Caption-style text data
####################

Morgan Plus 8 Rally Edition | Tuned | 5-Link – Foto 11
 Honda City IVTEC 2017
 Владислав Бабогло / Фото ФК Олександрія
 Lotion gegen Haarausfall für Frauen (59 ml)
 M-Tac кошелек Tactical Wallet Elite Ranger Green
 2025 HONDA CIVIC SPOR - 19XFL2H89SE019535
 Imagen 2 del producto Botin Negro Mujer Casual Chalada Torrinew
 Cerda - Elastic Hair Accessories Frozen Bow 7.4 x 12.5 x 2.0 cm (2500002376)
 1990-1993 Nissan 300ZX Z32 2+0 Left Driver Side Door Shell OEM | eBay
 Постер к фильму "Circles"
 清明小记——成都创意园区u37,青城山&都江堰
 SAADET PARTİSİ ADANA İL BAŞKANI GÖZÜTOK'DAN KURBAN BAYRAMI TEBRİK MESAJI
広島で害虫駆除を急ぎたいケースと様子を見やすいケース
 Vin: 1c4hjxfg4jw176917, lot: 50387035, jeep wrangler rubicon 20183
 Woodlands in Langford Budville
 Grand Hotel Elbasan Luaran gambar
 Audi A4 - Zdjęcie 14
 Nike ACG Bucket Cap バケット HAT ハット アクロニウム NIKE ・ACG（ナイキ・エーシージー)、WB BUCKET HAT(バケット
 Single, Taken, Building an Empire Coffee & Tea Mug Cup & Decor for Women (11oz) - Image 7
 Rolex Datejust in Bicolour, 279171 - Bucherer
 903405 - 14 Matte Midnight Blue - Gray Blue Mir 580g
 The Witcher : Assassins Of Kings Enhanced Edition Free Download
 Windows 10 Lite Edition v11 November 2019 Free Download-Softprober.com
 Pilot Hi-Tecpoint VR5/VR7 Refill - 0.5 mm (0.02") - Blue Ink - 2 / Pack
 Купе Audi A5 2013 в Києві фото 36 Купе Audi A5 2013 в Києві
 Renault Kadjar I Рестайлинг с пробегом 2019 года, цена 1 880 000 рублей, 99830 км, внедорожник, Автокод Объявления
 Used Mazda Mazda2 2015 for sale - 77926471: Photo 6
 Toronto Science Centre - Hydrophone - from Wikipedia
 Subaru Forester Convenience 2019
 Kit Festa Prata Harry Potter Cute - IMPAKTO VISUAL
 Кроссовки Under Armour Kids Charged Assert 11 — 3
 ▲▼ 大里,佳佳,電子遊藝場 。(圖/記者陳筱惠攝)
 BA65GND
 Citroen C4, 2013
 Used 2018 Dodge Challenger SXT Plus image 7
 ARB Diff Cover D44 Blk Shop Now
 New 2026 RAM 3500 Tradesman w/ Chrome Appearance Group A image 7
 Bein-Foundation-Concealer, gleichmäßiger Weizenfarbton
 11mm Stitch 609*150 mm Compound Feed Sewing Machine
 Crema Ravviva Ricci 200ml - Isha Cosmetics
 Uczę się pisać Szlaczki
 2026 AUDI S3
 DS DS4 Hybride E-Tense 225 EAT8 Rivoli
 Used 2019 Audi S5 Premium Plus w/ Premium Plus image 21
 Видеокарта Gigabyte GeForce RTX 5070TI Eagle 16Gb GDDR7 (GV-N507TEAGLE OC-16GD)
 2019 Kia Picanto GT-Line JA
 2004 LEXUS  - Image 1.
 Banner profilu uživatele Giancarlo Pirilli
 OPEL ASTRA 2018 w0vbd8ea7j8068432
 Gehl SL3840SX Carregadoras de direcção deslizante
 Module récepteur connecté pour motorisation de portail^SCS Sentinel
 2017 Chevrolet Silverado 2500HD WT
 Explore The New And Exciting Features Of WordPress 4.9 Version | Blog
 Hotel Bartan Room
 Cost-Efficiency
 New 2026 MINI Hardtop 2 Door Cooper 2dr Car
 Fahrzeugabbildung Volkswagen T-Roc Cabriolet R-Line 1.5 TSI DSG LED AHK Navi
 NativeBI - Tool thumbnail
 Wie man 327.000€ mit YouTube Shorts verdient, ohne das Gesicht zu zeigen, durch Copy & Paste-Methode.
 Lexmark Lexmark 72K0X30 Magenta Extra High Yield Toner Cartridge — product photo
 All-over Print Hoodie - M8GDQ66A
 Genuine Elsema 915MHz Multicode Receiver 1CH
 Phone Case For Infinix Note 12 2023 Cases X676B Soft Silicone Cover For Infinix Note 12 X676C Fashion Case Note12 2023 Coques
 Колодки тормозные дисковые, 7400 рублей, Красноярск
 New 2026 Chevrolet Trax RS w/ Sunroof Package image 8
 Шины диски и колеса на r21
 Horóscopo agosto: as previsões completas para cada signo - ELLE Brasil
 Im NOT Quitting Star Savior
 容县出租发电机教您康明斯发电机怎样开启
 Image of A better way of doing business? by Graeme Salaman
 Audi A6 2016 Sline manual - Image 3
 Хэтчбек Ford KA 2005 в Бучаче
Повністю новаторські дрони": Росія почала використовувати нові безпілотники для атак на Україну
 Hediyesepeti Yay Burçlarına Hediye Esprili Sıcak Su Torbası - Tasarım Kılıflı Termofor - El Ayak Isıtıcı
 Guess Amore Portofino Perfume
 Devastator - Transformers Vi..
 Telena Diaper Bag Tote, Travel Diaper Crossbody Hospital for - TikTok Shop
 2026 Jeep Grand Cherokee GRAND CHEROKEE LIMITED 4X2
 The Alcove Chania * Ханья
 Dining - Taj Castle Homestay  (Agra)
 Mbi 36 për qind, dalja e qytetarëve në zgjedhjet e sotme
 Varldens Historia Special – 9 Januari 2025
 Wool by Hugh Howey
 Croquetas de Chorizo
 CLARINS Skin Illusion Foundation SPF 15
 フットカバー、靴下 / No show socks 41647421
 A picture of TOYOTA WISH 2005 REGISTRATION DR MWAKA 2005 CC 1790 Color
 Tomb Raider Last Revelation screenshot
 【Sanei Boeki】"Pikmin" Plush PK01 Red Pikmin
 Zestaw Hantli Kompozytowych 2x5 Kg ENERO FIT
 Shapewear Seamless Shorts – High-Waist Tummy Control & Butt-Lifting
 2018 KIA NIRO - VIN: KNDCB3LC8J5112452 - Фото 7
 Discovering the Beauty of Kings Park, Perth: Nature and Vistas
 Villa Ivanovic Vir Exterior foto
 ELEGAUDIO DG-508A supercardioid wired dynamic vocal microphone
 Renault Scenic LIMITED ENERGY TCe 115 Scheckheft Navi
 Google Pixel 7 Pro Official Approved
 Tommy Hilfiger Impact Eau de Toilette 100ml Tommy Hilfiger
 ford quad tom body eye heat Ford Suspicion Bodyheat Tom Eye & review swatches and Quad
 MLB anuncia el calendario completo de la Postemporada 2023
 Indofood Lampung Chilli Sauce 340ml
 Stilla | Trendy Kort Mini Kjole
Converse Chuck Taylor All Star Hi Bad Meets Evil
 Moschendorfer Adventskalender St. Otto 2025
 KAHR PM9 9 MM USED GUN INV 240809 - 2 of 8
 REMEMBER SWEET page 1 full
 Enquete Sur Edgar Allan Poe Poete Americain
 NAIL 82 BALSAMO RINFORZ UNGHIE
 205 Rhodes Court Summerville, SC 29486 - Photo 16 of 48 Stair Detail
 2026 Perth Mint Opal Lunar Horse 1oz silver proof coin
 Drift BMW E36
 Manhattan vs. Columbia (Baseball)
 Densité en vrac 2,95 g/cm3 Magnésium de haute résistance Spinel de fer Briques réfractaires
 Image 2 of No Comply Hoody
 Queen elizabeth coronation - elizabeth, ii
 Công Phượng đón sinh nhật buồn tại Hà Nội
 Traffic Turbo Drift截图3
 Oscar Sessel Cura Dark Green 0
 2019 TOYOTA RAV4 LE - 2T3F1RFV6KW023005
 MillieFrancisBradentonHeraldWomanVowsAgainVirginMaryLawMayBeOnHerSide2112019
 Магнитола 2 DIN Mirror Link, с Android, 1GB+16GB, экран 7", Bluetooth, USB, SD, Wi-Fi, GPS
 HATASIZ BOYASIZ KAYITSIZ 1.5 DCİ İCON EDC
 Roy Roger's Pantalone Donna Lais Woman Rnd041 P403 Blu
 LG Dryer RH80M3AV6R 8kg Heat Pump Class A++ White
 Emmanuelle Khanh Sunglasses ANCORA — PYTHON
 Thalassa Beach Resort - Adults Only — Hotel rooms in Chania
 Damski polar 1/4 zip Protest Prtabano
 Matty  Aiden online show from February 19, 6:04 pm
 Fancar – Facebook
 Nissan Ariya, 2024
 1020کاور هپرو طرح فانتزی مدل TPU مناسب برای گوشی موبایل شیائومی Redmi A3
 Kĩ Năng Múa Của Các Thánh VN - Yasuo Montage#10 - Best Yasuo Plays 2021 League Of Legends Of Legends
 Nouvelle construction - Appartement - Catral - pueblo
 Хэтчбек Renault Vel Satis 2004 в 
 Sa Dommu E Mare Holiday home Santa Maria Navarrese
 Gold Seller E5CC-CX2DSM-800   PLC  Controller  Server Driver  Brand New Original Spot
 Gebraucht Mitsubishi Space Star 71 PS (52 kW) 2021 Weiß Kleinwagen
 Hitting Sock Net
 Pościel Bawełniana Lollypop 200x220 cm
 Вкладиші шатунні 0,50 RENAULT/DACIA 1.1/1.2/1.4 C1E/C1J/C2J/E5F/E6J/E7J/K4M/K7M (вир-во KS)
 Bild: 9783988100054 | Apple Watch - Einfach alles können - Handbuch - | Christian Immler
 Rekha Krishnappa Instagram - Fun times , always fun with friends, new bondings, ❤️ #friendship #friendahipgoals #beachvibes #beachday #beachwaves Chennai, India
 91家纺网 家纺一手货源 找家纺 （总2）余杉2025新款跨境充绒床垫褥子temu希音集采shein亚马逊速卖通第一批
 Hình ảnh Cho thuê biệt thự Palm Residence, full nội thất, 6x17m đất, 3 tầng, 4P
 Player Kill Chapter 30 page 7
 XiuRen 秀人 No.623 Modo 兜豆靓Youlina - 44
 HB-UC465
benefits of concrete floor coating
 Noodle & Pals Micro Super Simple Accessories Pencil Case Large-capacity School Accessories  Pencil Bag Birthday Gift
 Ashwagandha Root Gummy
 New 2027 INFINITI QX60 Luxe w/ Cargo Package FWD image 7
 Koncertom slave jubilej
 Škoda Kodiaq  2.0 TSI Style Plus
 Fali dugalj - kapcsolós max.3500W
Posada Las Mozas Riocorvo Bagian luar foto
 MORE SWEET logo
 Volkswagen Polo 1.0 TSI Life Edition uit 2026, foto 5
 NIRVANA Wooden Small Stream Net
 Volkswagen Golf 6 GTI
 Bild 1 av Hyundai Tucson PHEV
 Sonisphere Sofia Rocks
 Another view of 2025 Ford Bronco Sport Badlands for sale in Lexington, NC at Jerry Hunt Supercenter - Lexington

####################

Your assignment:
Go through the records from the first line and copy each one exactly, ending after the line that contains "2025 HONDA CIVIC SPOR - 19XFL2H89SE019535". Give nothing else.

Response to the exercise:
Morgan Plus 8 Rally Edition | Tuned | 5-Link – Foto 11
 Honda City IVTEC 2017
 Владислав Бабогло / Фото ФК Олександрія
 Lotion gegen Haarausfall für Frauen (59 ml)
 M-Tac кошелек Tactical Wallet Elite Ranger Green
 2025 HONDA CIVIC SPOR - 19XFL2H89SE019535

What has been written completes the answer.